The long rivalry between the Twin Cities isn't as potent as it was in the decades before freeways and automobiles shrank the 10 miles that separate the two downtowns. What hasn't changed is the conviction among many longtime St. Paulites that their hometown is just a little bit better than the bigger, flashier neighbor a few miles up the Mississippi.
"I love to visit Minneapolis, but there's something about St. Paul that's charming and simple," said Nick Linsmayer, a manufacturing executive whose St. Paul roots reach back to 1849.
Minneapolis takes bragging rights in the easiest measurement of civic strength, population: It has about 100,000 more residents than St. Paul. It's the state's economic and cultural center, while St. Paul is the seat of state government.

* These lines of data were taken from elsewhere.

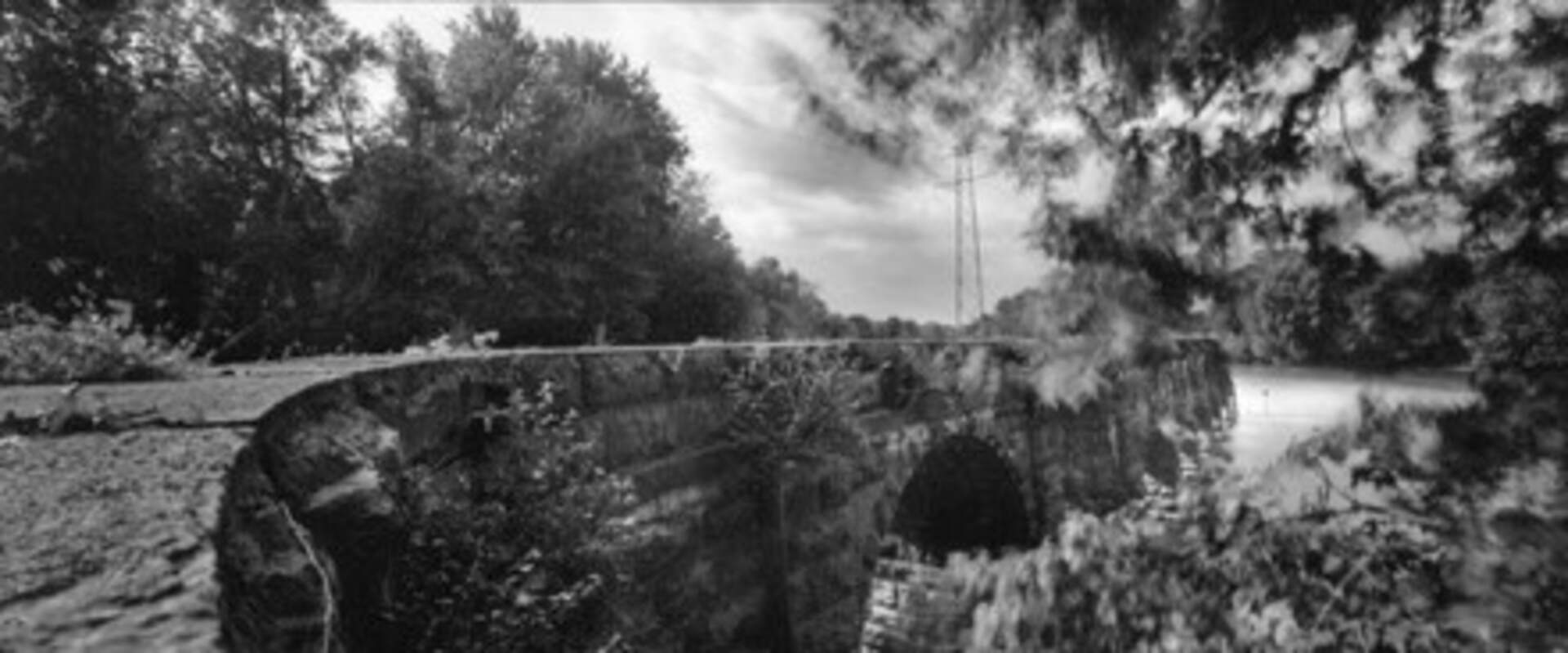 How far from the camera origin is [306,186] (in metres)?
17.5

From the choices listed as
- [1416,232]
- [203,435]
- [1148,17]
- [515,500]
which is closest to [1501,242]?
[1416,232]

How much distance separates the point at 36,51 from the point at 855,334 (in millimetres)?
15130

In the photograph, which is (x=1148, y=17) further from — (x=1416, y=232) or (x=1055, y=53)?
(x=1416, y=232)

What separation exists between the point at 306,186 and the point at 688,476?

Minneapolis offers more modern architecture and fancier restaurants, the Guthrie Theater and the Walker Art Center, three pro sports teams, five major lakes within its boundaries and the University of Minnesota's main campus. The city launched rockers Prince and the Replacements.
St. Paul has a downtown shaded by historic buildings and neighborhoods lined with block upon block of pristine Victorian homes. It's got science and history museums, pro hockey, two lakes and a smaller University of Minnesota campus.
Literary heavyweight F. Scott Fitzgerald hailed from St. Paul. Schulz grew up in St. Paul and sold his first panel cartoon to the St. Paul Pioneer Press in 1947, three years before the debut of Peanuts.
"St. Small, don't they call it?" offered Carol Connolly, St. Paul's poet laureate and a lifelong resident whose ancestors moved here in 1885. "It is. You can hardly go anywhere in St. Paul that you don't see someone you know. Which is the great thing about it, I think."
St. Paul was founded before Minneapolis and was larger for the first few decades of the two cities' existence. French-Canadian traders set up camp south of Fort Snelling on the Mississippi in 1840, dubbing the settlement Pig's Eye (the nickname of an original settler and bootlegger). In its earliest days, the area was hub of the whiskey trade that catered to soldiers at the remote military outpost.
Local Catholic leaders soon saw to it that the city was renamed St. Paul, cementing a relationship between the Catholic Church and the city's ruling class that exists to this day. By the time Minnesota became a state in 1858, St. Paul was its biggest city and a regional trading center.